Instructions to follow ::
Your output must be the lines below from the line containing "विश्व व्यापक धर्म" to the line containing "Ucraina, raid russo", both lines included, reproduced exactly and without pictures.

Data records ::

=======

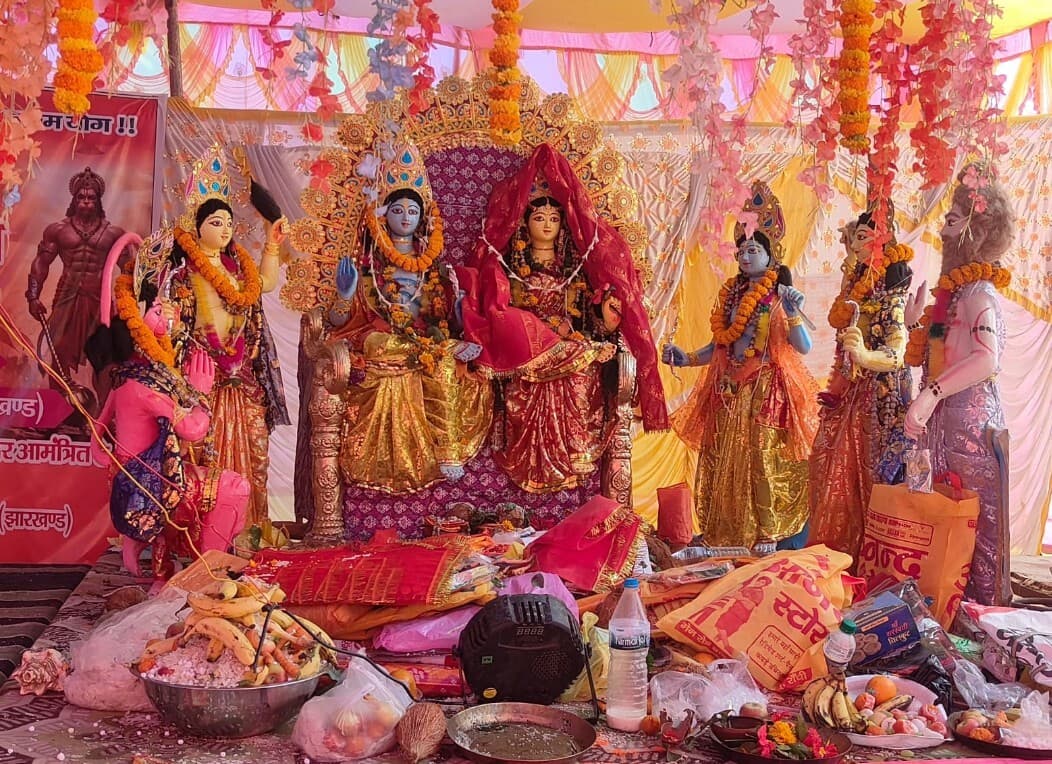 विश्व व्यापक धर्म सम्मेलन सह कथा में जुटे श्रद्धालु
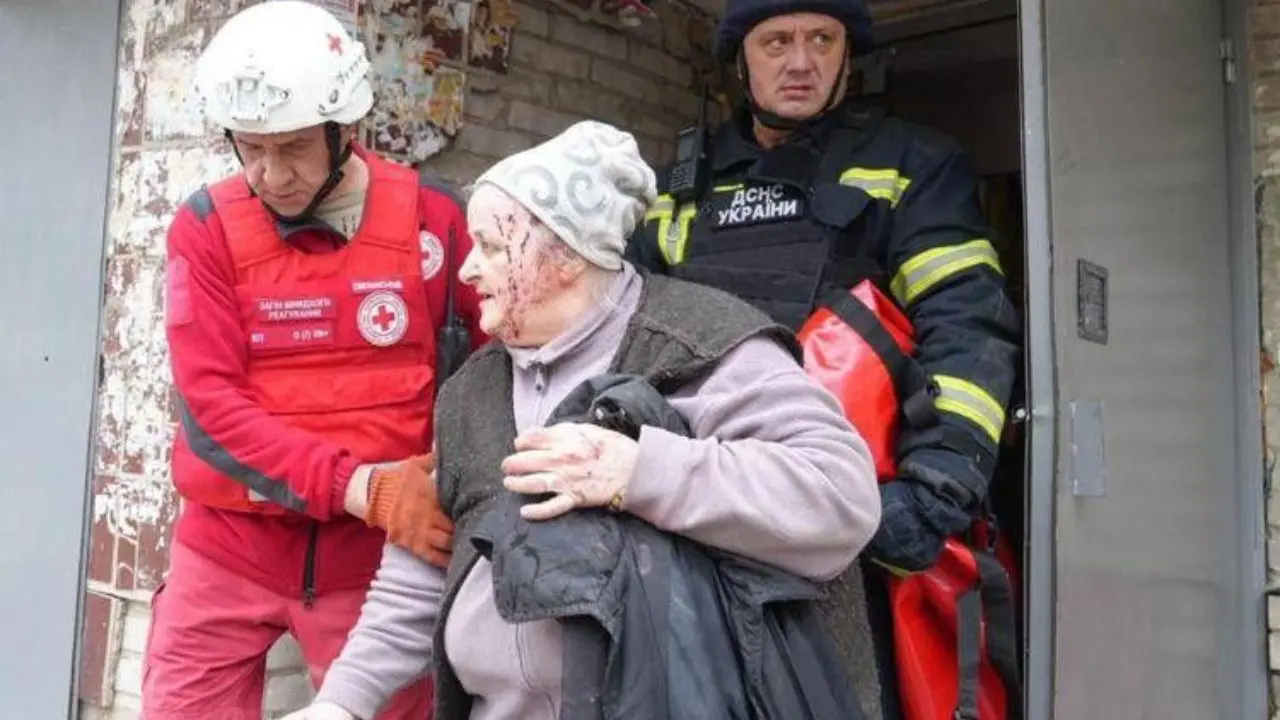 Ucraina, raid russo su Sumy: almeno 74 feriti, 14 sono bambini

=======

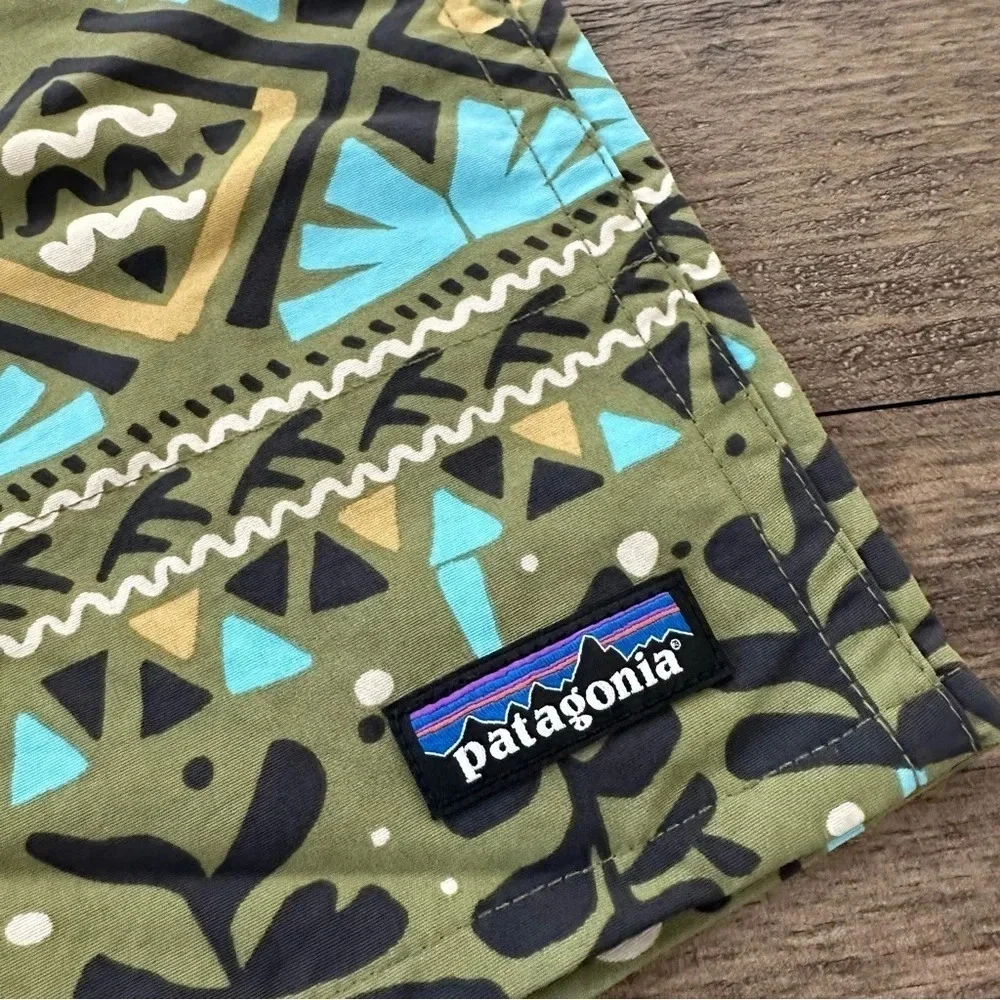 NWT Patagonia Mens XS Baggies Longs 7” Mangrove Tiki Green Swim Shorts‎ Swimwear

=======

Solution for this exercise ::
 विश्व व्यापक धर्म सम्मेलन सह कथा में जुटे श्रद्धालु
 Ucraina, raid russo su Sumy: almeno 74 feriti, 14 sono bambini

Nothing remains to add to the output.